Today I am reading an article: Eigenvalues and sums of Hermitian matrices there is an exercise copy from that article:
Exercise 1 Suppose that the eigenvalues $\lambda_1(A)>\cdots>\lambda_n(A)$ of an $n\times n$ Hermitian matrix are distinct. Show that the associated eigenbasis $u_1(A),\cdots,u_n(A)$ is unique up to rotating each individual eigenvector $u_j(A)$ by a complex phase $e^{i\theta_j}$. In particular, the spectral projections $P_j(A):=u_j(A)^*u_j(A)$ are unique. what happens when there is eigenvalue multiplicity?
Assume $A$ is the matrix of self-adjoint operator $\mathcal{A}$ under some property basis of $V_{\Bbb{C}}$.

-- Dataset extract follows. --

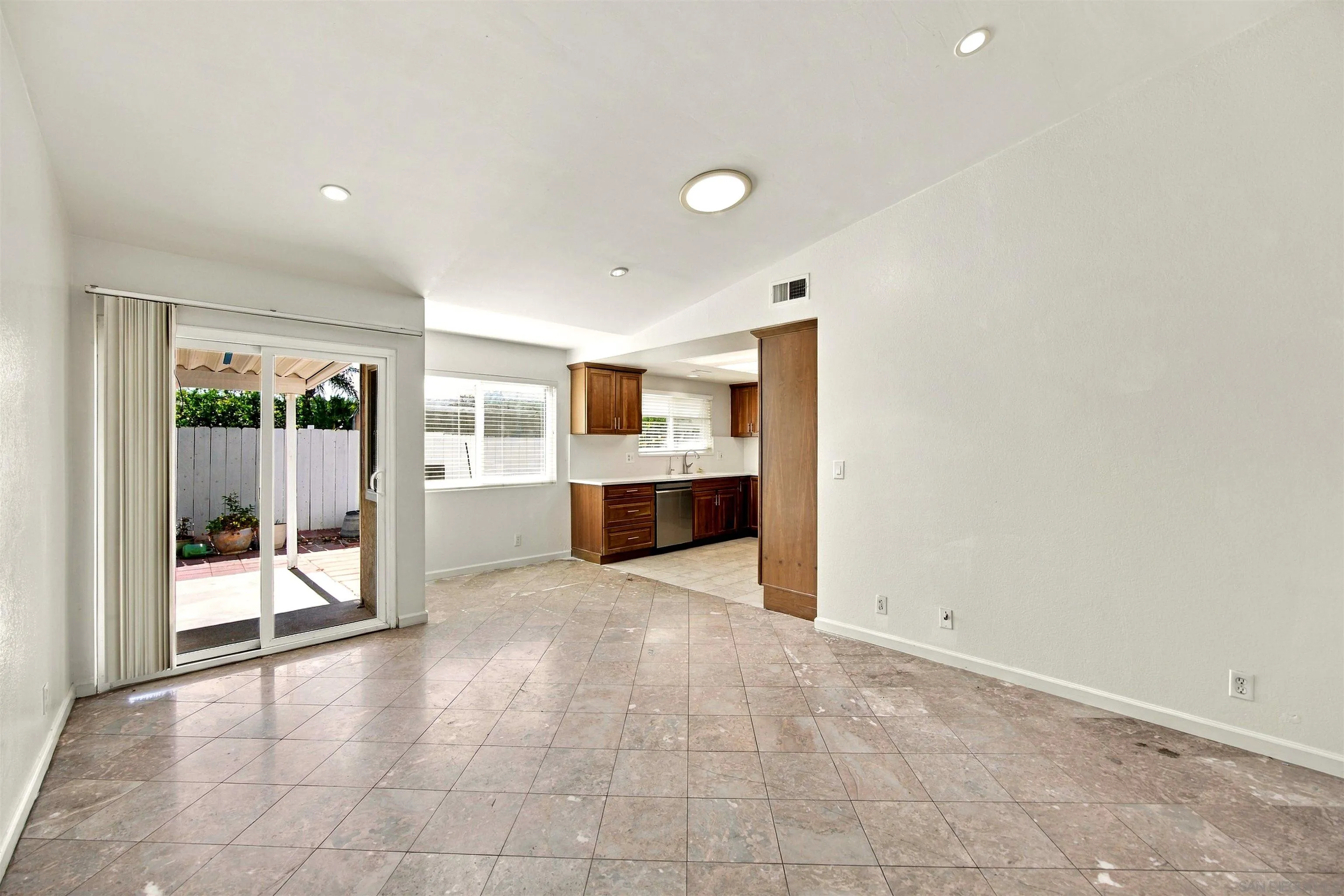 1375 Oak Hill, Escondido, CA 92027 1375 Oak Hill, Escondido, CA 92027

I don't know why eigenbasis $u_1(A),\cdots,u_n(A)$ is unique up to rotating. If we multiply a complex number $c_k \not=0$ respectively, then $c_1u_1(A),\cdots,c_nu_n(A)$ is also a basis of $V_{\Bbb{C}}$ consist of $\mathcal{A}$'s eigenvectors,under this basis, $\mathcal{A}$ correspond to a diagonal matrix consist of eigenvalues: $\text{diag}\{\lambda_1,\cdots,\lambda_n\}$. I think it is unique up to multiply a complex number $c_k$ respectively. what's wrong?